The thin-client Raspberry Pi 4 (1 GB RAM) runs motor I/O and a WebSocket bridge, with heavy compute delegated offboard via the OpenClaw agent runtime.
OpenClaw proactive triggers (cron, hooks, heartbeats) enable autonomous scheduled and reactive-but-unprompted tasks, e.g., autonomous make_coffee at 8am.
The onboard software safety stack including calibration clamping, stall detector, and EEPROM backstops prevented any servo burnouts over four weeks, while two burnouts occurred prior.
Grip force is estimated sensorlessly by mapping motor current on a soft TPU gripper finger to a normalized force signal [0,1], usable as an input observation for imitation learning.
An ACT-imitated policy trained on 30 demonstrations reliably grasps and lifts a small DC motor held on a desk from neutral starting pose.
End-to-end task latency from OpenClaw cron trigger to first arm motion averages 2.4s, suitable for scheduled household tasks but too slow for closed-loop reactive control.

Threat model

The adversary is not explicitly modeled as malicious but assumed to be accidental or environmental factors that can cause servo stall and mechanical limit violations leading to hardware damage. The protections defend against unintentional stall-induced gear stripping. The model excludes adversaries capable of subverting software or injecting malicious commands but protects against physical faults and control errors within normal operation.

Methodology — deep read

Threat Model and Assumptions: The adversary model is implicit: the robot operates in unstructured household environments with unknown obstacles and contacts. There is an assumption that servo stall can occur unintentionally due to commanded positions exceeding joint limits or physical obstruction. The system is not designed against malicious, adversarial manipulation but instead focuses on robustness to ordinary mechanical and control failures.
Data: Demonstrations for imitation learning were collected via leader-follower teleoperation at 50 Hz, recording arm and gripper joint states and the newly derived grip-force channels from motor current. The main trained skill is 'pick_motor' a grasp skill of a small DC motor using 30 recorded episodes. No multi-task training was performed to avoid overfitting at small scale.
Architecture / Algorithm: The hardware consists of a base XLeRobot platform with 2 SO-101 6-DoF arms powered by Feetech STS3215 servos, augmented by a 1-DoF linear Z-axis lift using a CNC-style 600 mm ball-screw rail driven by a Feetech servo on the same half-duplex bus as the right arm. Robot computation runs on a Raspberry Pi 4 (1 GB RAM) acting as a thin client for motor I/O and WebSocket bridging. Heavy compute and ACT imitation learning policies run offboard and are served via LeRobot's gRPC PolicyServer.
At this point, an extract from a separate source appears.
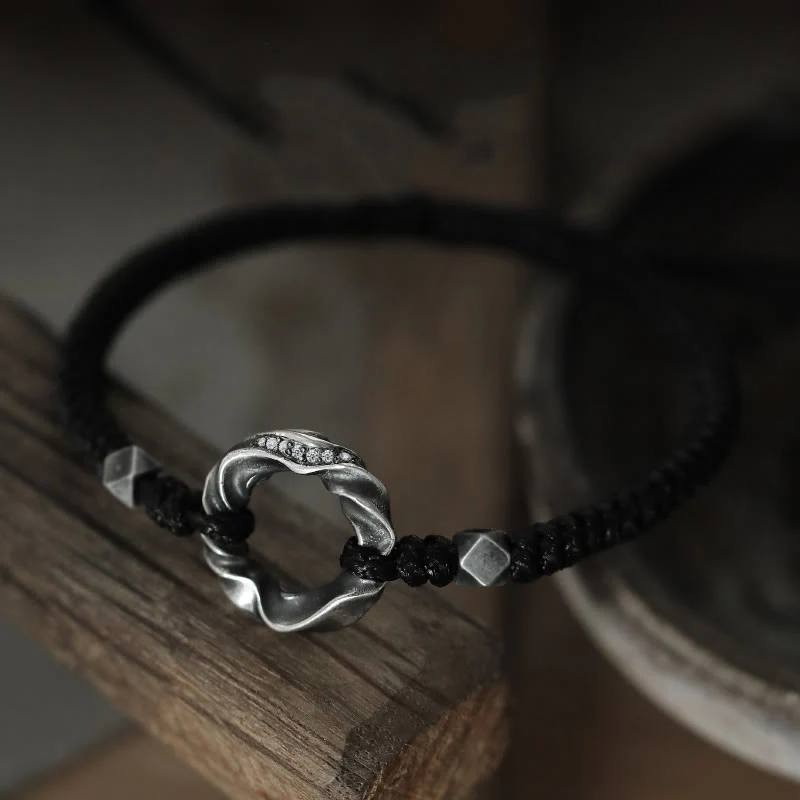 Braccialetto di protezione in corda di cera nera con fibbia della pace in argento sterling 999 Buddha Stones - Image 4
The proactive agent runtime is OpenClaw, an open-source framework that schedules tasks through cron jobs, event hooks, and periodic heartbeats by exposing the robot as an OpenClaw skill manifest. Skills translate into JSON commands sent to the robot client, which dispatches them as ACT policy checkpoints or scripted motions.

A software safety layer prevents Feetech servo burnouts via multi-layer calibration clamping (bounding goal positions within calibrated joint limits), stall detection (detecting sustained zero-position-change with high motor current over a 15-loop window), and persistent EEPROM backstops to limit torque and current.

Grip force estimation piggybacks on the stall detector's existing current register reading from the servo. A soft TPU finger converts the motor current step into a continuous force ramp, normalized per gripper and used as an observation channel in the ACT imitation learning policy.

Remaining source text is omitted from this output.